Even among shuckers who consider themselves to be as good or better, Hollywood has earned a grudging respect. He's the shucker that other restaurant owners turn to when they're scouting for new talent. He's the man to call when you want to hire a crew for a private party. And this past fall, in concert with the Louisiana Department of Wildlife and Fisheries, he began teaching shucker certification classes at Nicholls State University, in nearby Thibodaux. Hollywood's coworkers were quick to dub the enterprise Shuck U, eliding the first syllable in a blatant effort to exploit the double entendre.

And now, the jive:

"When I was little, my mama used to tell me that I talked too much," says Thomas Stewart, the opener at Pascal's Manale, a 1913-vintage, Italian-Creole restaurant set on an Uptown side street. "She was right. I do like to talk. The thing is, I found a way to make a living at it."

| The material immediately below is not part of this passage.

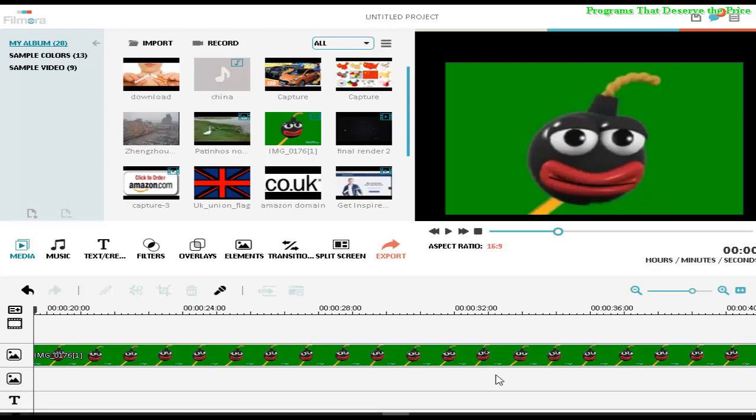Hello people, welcome to Programs That Deserve the Price. Today I'm going to show you how to make a green screen or chroma key on Filmora video editor. So what you have to do is first of all select the video that you want to make green screen.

Thomas works alone at a sloping, white marble bar in the front room, just inside the door. The wall behind him is plastered with black-and-white photographs of prizefighters. Above hang wagon-wheel chandeliers.

Twelve years into his tenure, Thomas has worked his way up from dishwasher to chief shucker. "When I started out, there was no one to show me how," he says, scooping a pail of cubed iced into the bar bin. "So I just snatched a few oysters and a butter knife and sat down on a slop bucket to teach myself. Now I'm the man. The "I-Pop-'Em-Until-You-Drop-'Em Man." A violent swivel and bump of the hips accent this last linguistic flourish.

If Hollywood is, at heart, a steely-eyed technician, then Thomas is his alter ego, with a style best described as an amalgam of the flamboyance of Little Richard and the zealotry of Ron Popeil. He is also handy with a knife. "I don't believe in serving chippies," says the 39-year-old. "No chipped shells. My hustle is my hands. Without a good set of hands, I'm nobody." But that's not what keeps his regulars coming back.

On a recent Friday night, as the cocktail hour gives way to dinner, the crowd at Pascal's Manale turns as thick and boisterous as a rugby scrum. Orders for oysters pour in, dozen upon dozen upon dozen. Just when Thomas is on the verge of losing it, he hits a groove. His knife work slows, his voice drops a register. And he goes skittering back and forth across the duckboards, trading jibes here, slinging shucked platters there. When he catches sight of a regular leaning in close, waving a ten-spot, Thomas stops dead in his tracks, tosses an imaginary cape across his shoulders, and leaps for the bill, calling out in his best imitation of Mighty Mouse, "Here I come to save the day!" His voice rings clarion, a basso profundo worthy of an opera star weaned on cartoons.

At a little before eight, a young couple walks in. The boy makes a beeline for the bar, but the girl hangs back. She looks anxious. The boy orders a dozen. "I got big ole good-uns and good ole big-uns," says Thomas. "Which you gonna have?" The girl cracks the barest of smiles and sidles up alongside her date. The boy introduces himself. "Howdy, chief," replies Thomas. "What's slappin', captain?" And then he attempts to answer his own question in a singsong rap: "Ain't nothing shakin' but the eggs and the bacon and the beans on the grill. Ain't nothing shakin' but the peas in the pot till the water get hot."

"Better make that two dozen," allows the boy. Thomas fishes the first oyster from the bin and plunges his knife in to the hilt. "If I can get 'em smiling," he says to no one in particular, "I can get 'em swallowing."

Acme Oyster House
724 Iberville Street
504-522-5973

Pascal's Manale
1838 Napoleon Avenue
504-895-4877

Chef's Secret

From Michael "Hollywood" Broadway: To be sure that an oyster is alive and well before it's shucked, tap the shell with an oyster knife—a hollow report means the creature inside is dead and should be discarded.